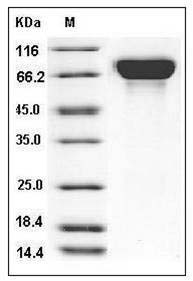 Influenza A H3N2 (A/Aichi/2/1968) Hemagglutinin / HA Protein (His Tag) SDS-PAGE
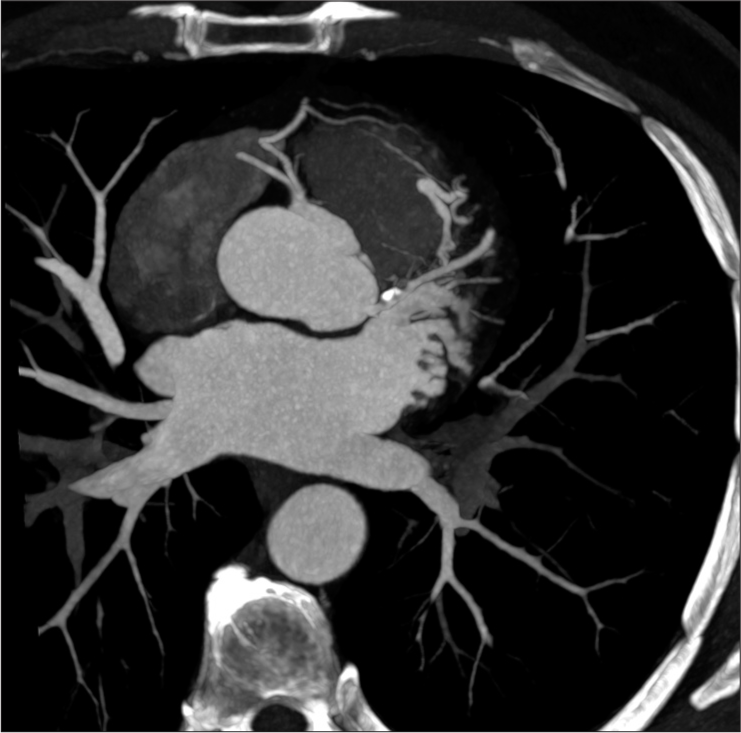 Supplementary image axial oblique computed tomography angiography showing tortuous Vieussens’ ring.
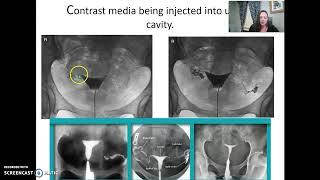 Hysterosalpingogram (HSG)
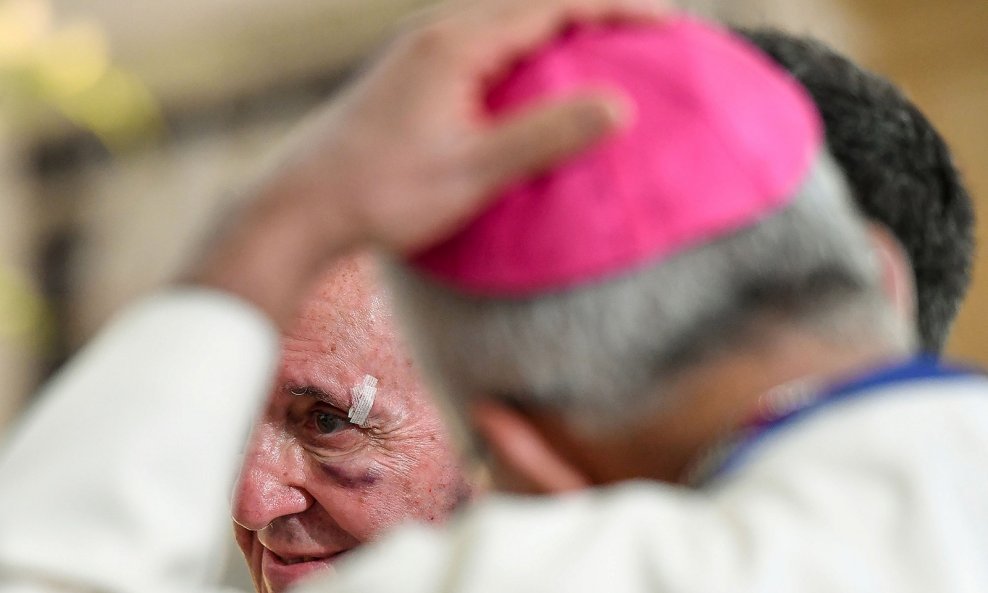 Papa Franjo s ozlijedom oka iz Kolumbije primio je na dar kravu Lou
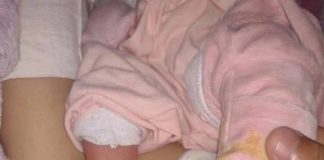 Bebê que teve o pé queimado ao fazer teste do pezinho continua internada em Prudente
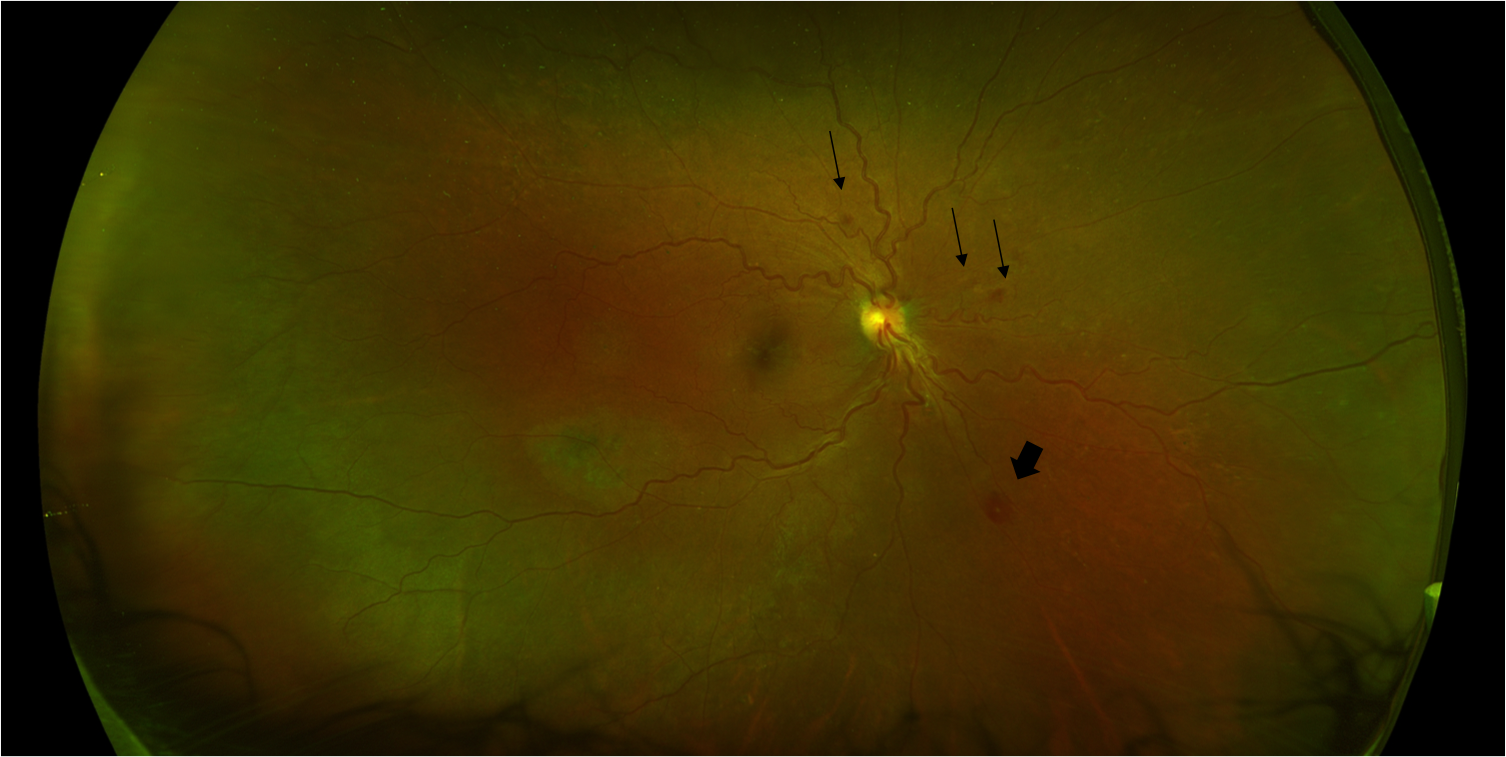 Retinal photograph of a patient with candidemia showing multiple retinal hemorrhages (arrows) and a Roth spot (arrow-head).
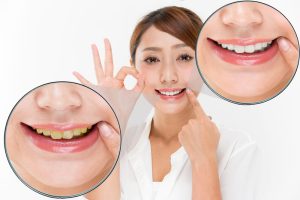 ผู้หญิงกำลังโชว์ผลลัพธ์ของการฟอกสีฟัน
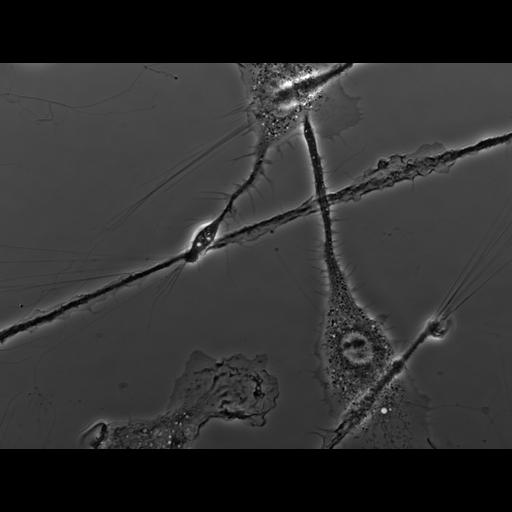  NCBI Organism:Mus musculus; Cell Types:macrophage Cell Components:ruffle membrane Biological process:cell motility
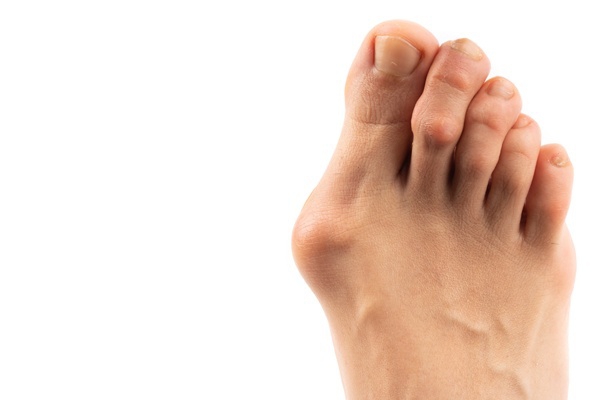 Bunions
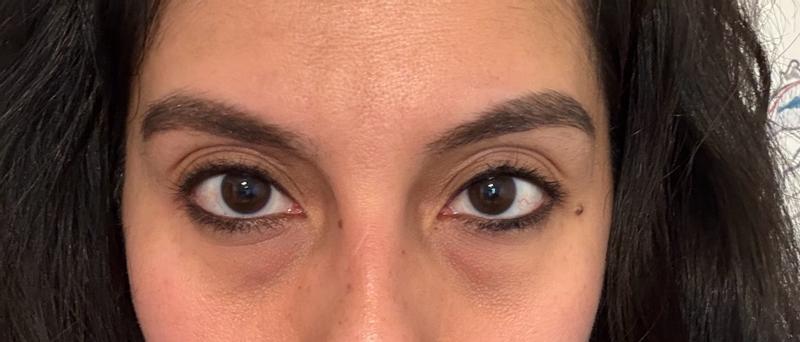 Customer carousel item 11.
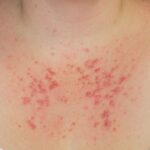 living-with-a-sun-allergy-can-be-‘absolutely-miserable,’-says-pei-woman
=-=-=-=-=
What the exercise asks:
Copy exactly the lines from the line containing "ผู้หญิงกำลังโชว์ผลลัพธ์ของการฟอกสีฟัน" through the last line of the records above, both included, and leave out any pictures.

Written response:
 ผู้หญิงกำลังโชว์ผลลัพธ์ของการฟอกสีฟัน
  NCBI Organism:Mus musculus; Cell Types:macrophage Cell Components:ruffle membrane Biological process:cell motility
 Bunions
 Customer carousel item 11.
 living-with-a-sun-allergy-can-be-‘absolutely-miserable,’-says-pei-woman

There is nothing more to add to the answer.